Restate the listing below word for word; no picture is to be carried over.

───

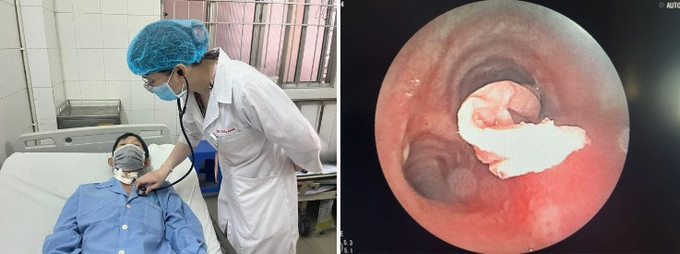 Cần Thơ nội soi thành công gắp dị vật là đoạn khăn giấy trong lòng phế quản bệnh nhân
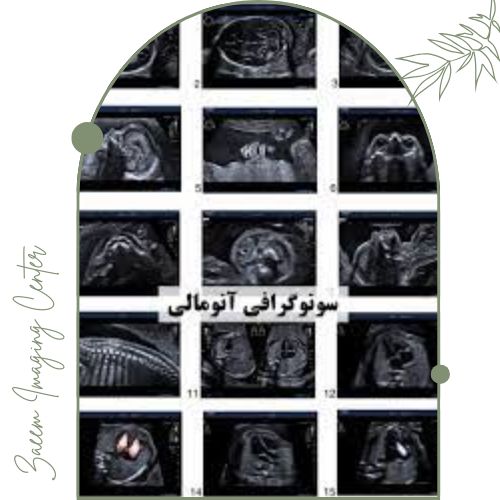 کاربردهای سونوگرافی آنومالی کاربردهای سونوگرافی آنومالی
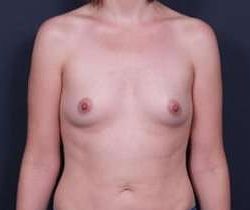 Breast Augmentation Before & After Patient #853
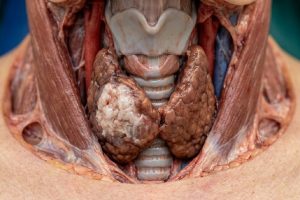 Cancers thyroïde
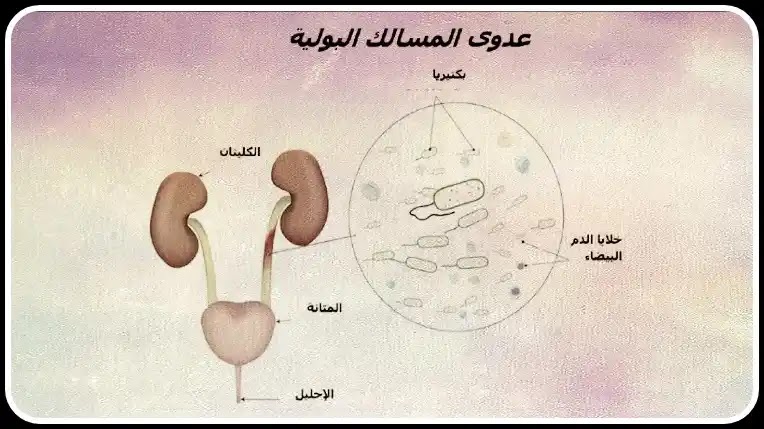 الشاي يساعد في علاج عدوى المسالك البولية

───

Written answer:
 Cần Thơ nội soi thành công gắp dị vật là đoạn khăn giấy trong lòng phế quản bệnh nhân
 کاربردهای سونوگرافی آنومالی کاربردهای سونوگرافی آنومالی
 Breast Augmentation Before & After Patient #853
 Cancers thyroïde
 الشاي يساعد في علاج عدوى المسالك البولية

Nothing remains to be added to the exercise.